I'll take a stab at this.
I'm a man, and I don't think we feel love in the same way women do.
Firstly, I don't think love itself is one emotion. It's a whole bundle of them, both negative and positive, rolled up into one. It's attraction, jealousy, affection, a need to provide, a need to feel cared for, companionship, happiness, grief, fear, and a whole load else besides.
And all these emotions in differing amounts make up love in all its forms. I.E. You love your friend for the companionship they provide, but you don't (usually) feel jealous when they have other friends. You love your Mum because they care for you, but (hopefully) attraction doesn't factor into that relationship at all!
And finally love with a partner is the most complete form of love. It's the one where you feel almost all of the range of emotions associated with it.
The problem is that men are emotionally stunted. We're discouraged from childhood from feeling a whole range of emotions. "Boys don't cry", "You're too old for a hug", "Don't be scared, you're my brave boy".

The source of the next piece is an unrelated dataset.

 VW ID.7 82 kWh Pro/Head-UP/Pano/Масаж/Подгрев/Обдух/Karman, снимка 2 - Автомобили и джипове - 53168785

Periodically, someone will ask on Reddit "Whats a thing that women don't know about men", and pretty much every single time the most upvoted response is some variation on "The last time I was complimented was five years ago and I still think about it some times"
We're told from birth that we shouldn't feel things, so we push them down, and sooner or later we forget how to feel them. So for men, love is very much stripped back. We're allowed to feel attracted to someone, we can feel jealousy and possessive, we understand that we're meant to be the provider, the strong one, the brave one.
But happiness, companionship, wanting to feel cared for and appreciated, these are all muted for us. We're meant to be stoic, comfortable by ourselves, the idea of asking for a hug horrifies us!
And we can do fear, and grief, but we've been taught to hide them, so they tend to come out as anger, because we're cross with our selves for being sad, and weak.
In short, we're broken.
In some cases that means we don't love enough, or we're not scared enough of losing what we have. So we lie, we cheat, we do things that we know will upset our partners.
And in some cases the negative emotions involved in love overwhelm the positive ones, and men become posessive, controlling, abusive.
Things are changing I think. I'm 40ish, and work with a lot of people in their early 20s. They're a lot more open with their emotions, a lot less scared to say when they're unhappy, or worried. It'll be interesting to see how that translates into relationships in the future.
So to sum up: The Patriarchy! Fucking up life for men just as much as it does women.